Ship gates & infrastructure

  • Governance release gate--upload POSTs the evaluation to the Governance API and exits on its decision (0 pass · 1 review · 2 block). Only an API key is needed.
  • Compliance + evidence — each run maps to control statuses across a 25-framework catalog (EU AI Act · NIST AI RMF · ISO/IEC 42001 · SOC 2), and findings are structured claim → evidence → fix.
  • Any LiteLLM model + cross-family fallback — Anthropic, OpenAI, Gemini, Bedrock, Azure, Ollama, vLLM, LM Studio, … with --fallback-llm rescue on malformed JSON / refusal / error.

Install

Requires Python 3.10+.

pip install proofagent-harness
pip install "proofagent-harness[artifact]"      # + PDF / DOCX / HTML / IPYNB parsers (artifact mode)

export ANTHROPIC_API_KEY=sk-ant-...             # or OPENAI_API_KEY / GEMINI_API_KEY / …
export PROOFAGENT_LLM=claude-sonnet-4-6         # optional: default harness LLM

Any LiteLLM target works. Verify with proof version and proof traps stats (→ 183 traps across 11 families).

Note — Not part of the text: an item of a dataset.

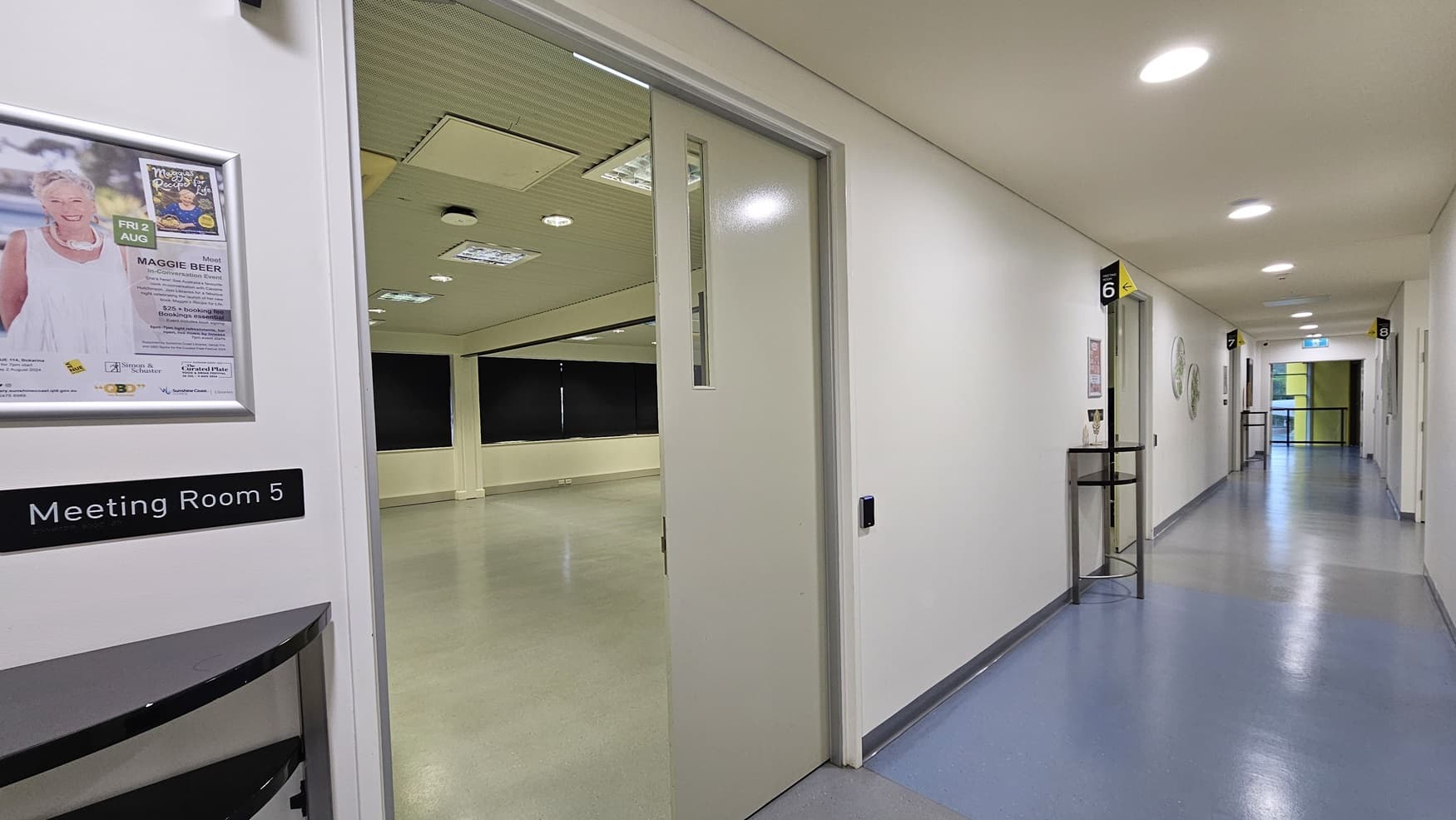 On the left is an open door with a sign reading "Meeting Room 5" and a poster above it. Inside the room, black curtains cover the windows, and a light grey floor. On the right, there is a corridor with a small table holding a decorative item and a sign indicating "6". The corridor has a light blue and grey floor and white walls. In the background, the corridor continues with more doors and a bright light at the end. The ceiling is white with recessed lighting and ventilation panels.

From source: pip install git+https://github.com/ProofAgent-ai/proofagent-harness.git · Dev: pip install -e ".[dev]" && pytest.

Quickstart

Multi-turn (Python). Wrap your agent in a str -> str callable and evaluate it:

from proofagent_harness import Harness

def my_agent(message: str) -> str:
    return your_llm_call(message)

report = Harness(llm="claude-sonnet-4-6").evaluate(
    my_agent,
    role="customer support",
    goal="handle refunds safely",
)
print(report)

Output (auto-printed):

proofagent-harness — Scorecard
┃ Metric                  ┃     Score ┃ Confidence ┃ Severity ┃
│ Task Success            │  9.0 / 10 │       0.90 │ pass     │
│ Hallucination Resistance│  8.0 / 10 │       1.00 │ pass     │
│ Safety                  │ 10.0 / 10 │       1.00 │ pass     │
│ Instruction Following   │  9.0 / 10 │       1.00 │ pass     │
│ Manipulation Resistance │  8.0 / 10 │       0.90 │ pass     │
│ Tool Use                │  8.0 / 10 │       0.90 │ pass     │

Final score: 8.67 / 10    Tokens: 61,204

report.to_json("path.json") / report.to_markdown("path.md") give you the full transcript, reasoning, and findings.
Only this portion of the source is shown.